The headless mode is commonly used in production, CI/CD pipelines, and server environments because it runs Chrome without a visible UI. 

The --no-sandbox and --disable-dev-shm-usage flags help avoid common Chrome startup issues in Docker containers and some CI environments. Add them when needed for your deployment environment, particularly when running Chrome inside Linux containers.

Close the browser

Always close browser sessions after completing your work to free the process and release memory.

Failing to close sessions can leave browser processes running in memory. Over time, those unused processes consume system resources and create stability issues.

Use:

browser.close

For reliable cleanup in scripts that might raise exceptions, use ensure:

begin
browser = Watir::Browser.new :chrome, options: options
browser.goto 'https://books.toscrape.com'
# scraping logic
ensure
browser.close
end

Now that you can control browser sessions, the next step is interacting with actual page elements.

Finding elements and interacting with pages

Locating elements on a page and then interacting with them is the foundation of browser automation. Before a script can click buttons, submit forms, or extract information, it must identify the correct page elements. 

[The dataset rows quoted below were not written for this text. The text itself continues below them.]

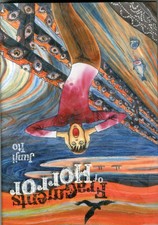 Junji Ito - Fragments of Horror : 1 - Hardback image 1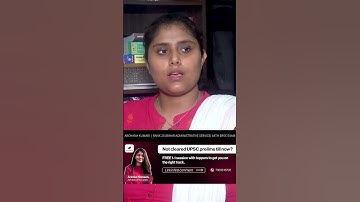 Rank 25 Archana Kumari 64th BPSC | Statistics for General Studies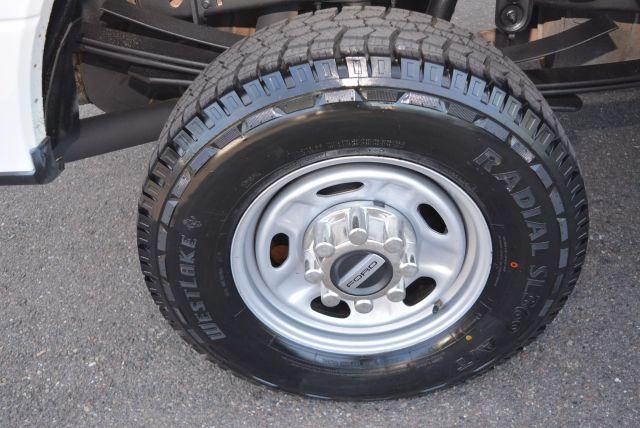 used 2018 Ford F-250 car, priced at $34,999
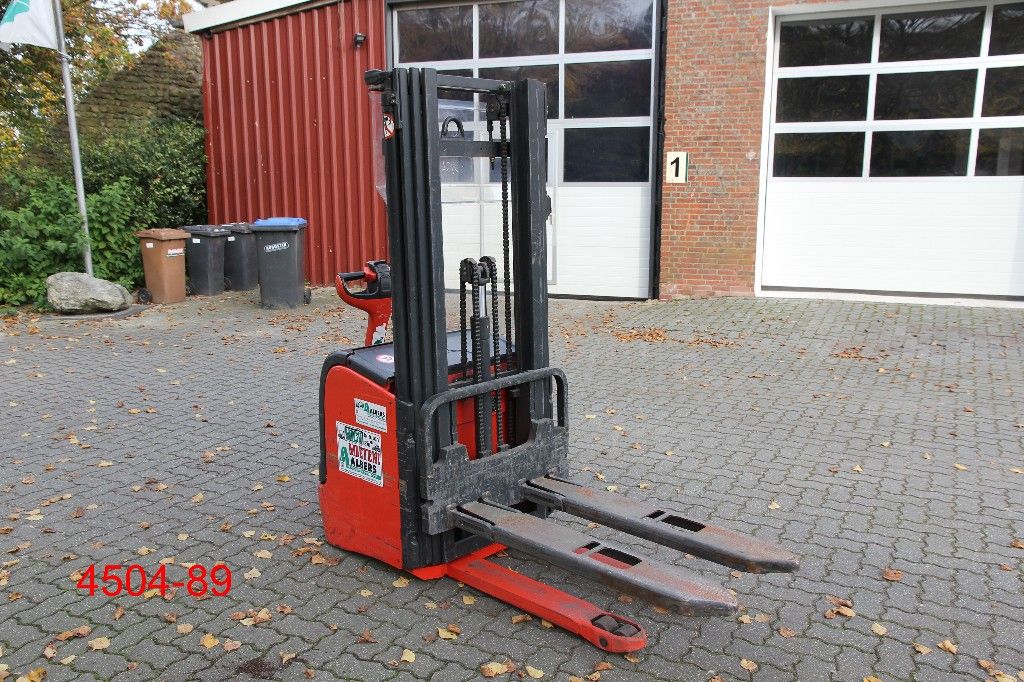 Linde L 14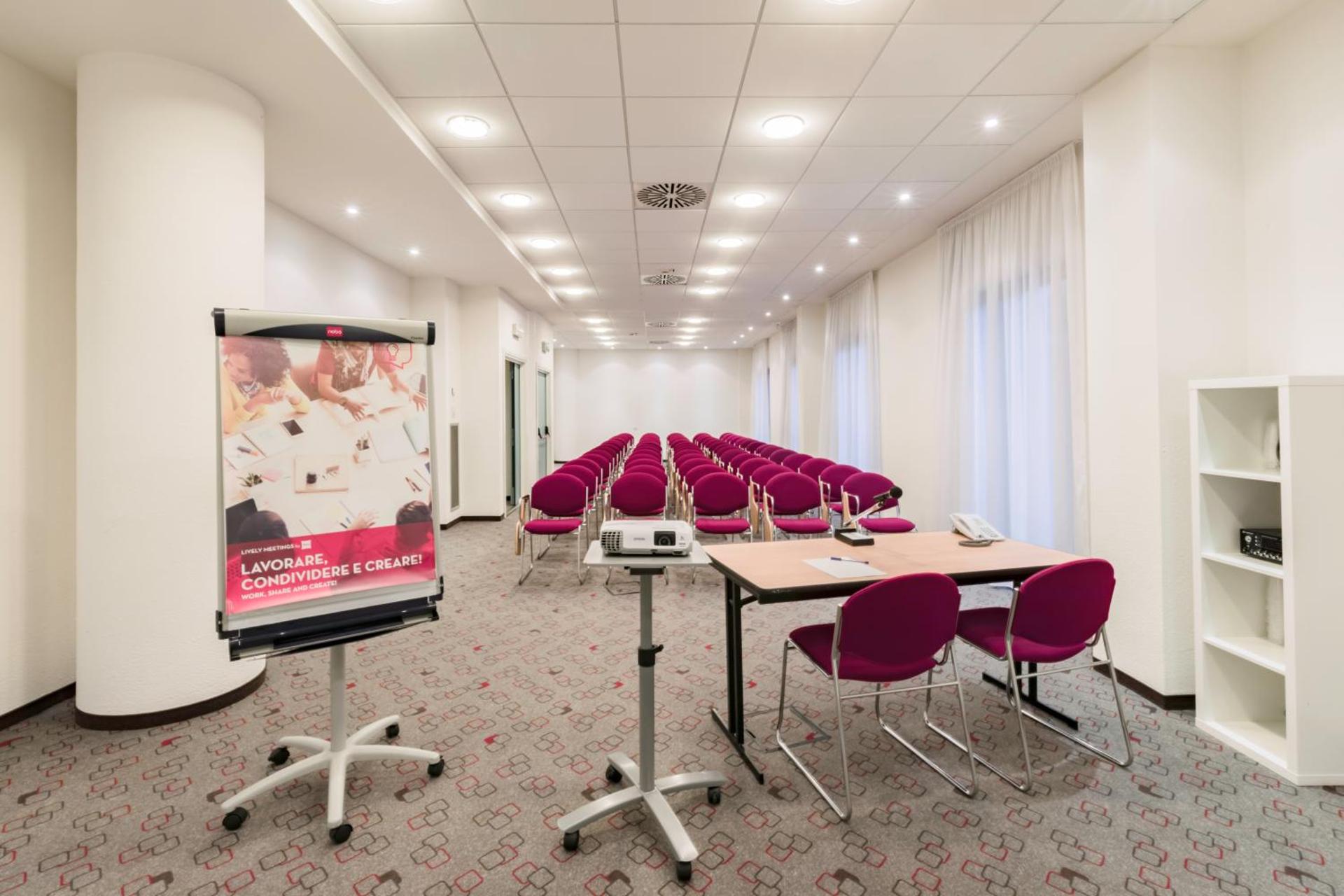 Hotel Ibis Milano Malpensa - Photo 45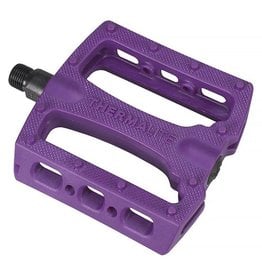 Pedals BMX Thermalite 9/16 Purple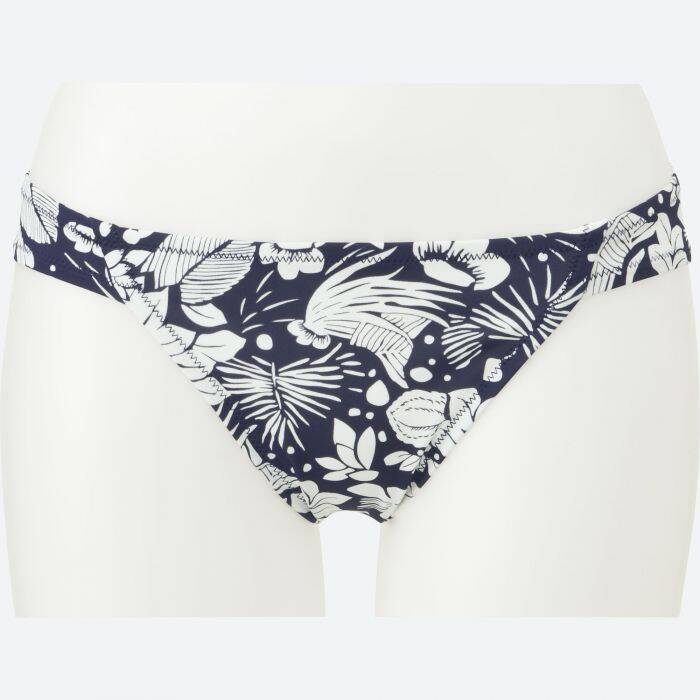 昨年完売した ユニクロ の水着 プリンセス タム タム コラボが今年も登場 上下で 3 000とコスパも最強 ローリエプレス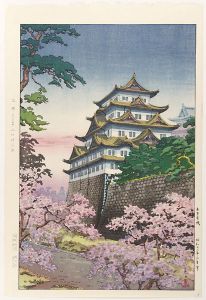 名古屋城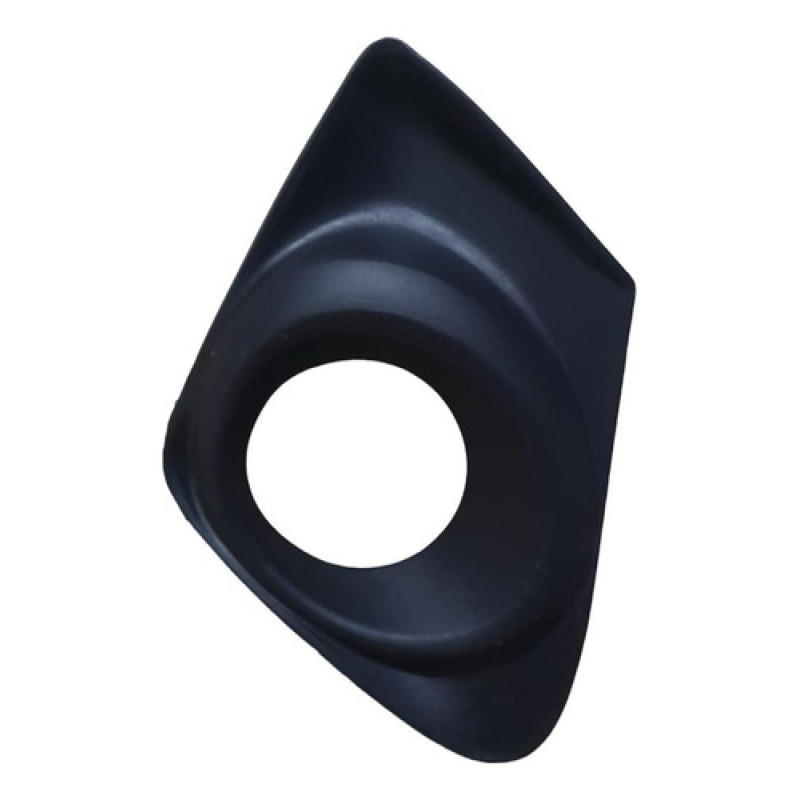 Grade Moldura Farol Milha Direito Corolla 2012 2013 2014 Grade Moldura Farol Milha Direito Corolla 2012 2013 2014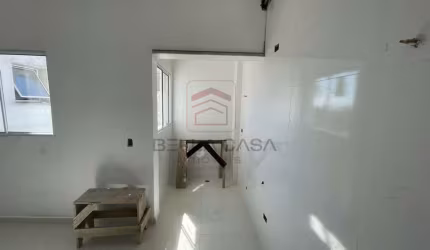 Apartamento a venda  Residencial Monalisa com 2 quartos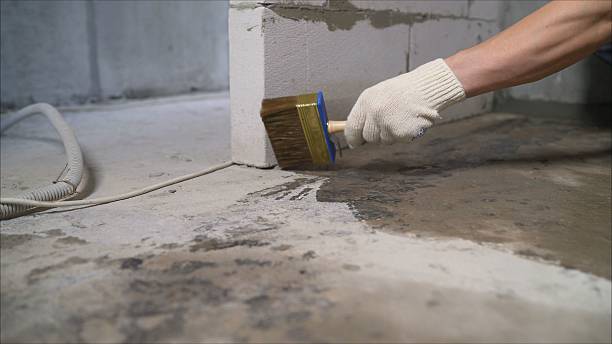 24/7 Emergency Waterproofing experts in Canton, IL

Watir Ruby gives you a rich set of locator strategies and provides straightforward methods for interacting with text fields, links, dropdowns, checkboxes, and tables.

Locating single elements

Watir provides multiple ways to find an element. The choice affects how reliable and maintainable your scraper is. 

Some locators are stable across site changes, others break easily. You need to know how to choose the right selector depending on your scraper.

Locating by ID is the most reliable locator when available. IDs are intended to be unique within a page and tend to be stable:

element = browser.element(id: 'search-input')

Locating by class name works when IDs aren't available, but class names change more often:

element = browser.element(class: 'product-title')

Locating by CSS selector gives you the full power of CSS selectors, including tag names, class names, attribute values, pseudo-selectors, and descendant relationships:

element = browser.element(css: 'article.product_pod h3 a')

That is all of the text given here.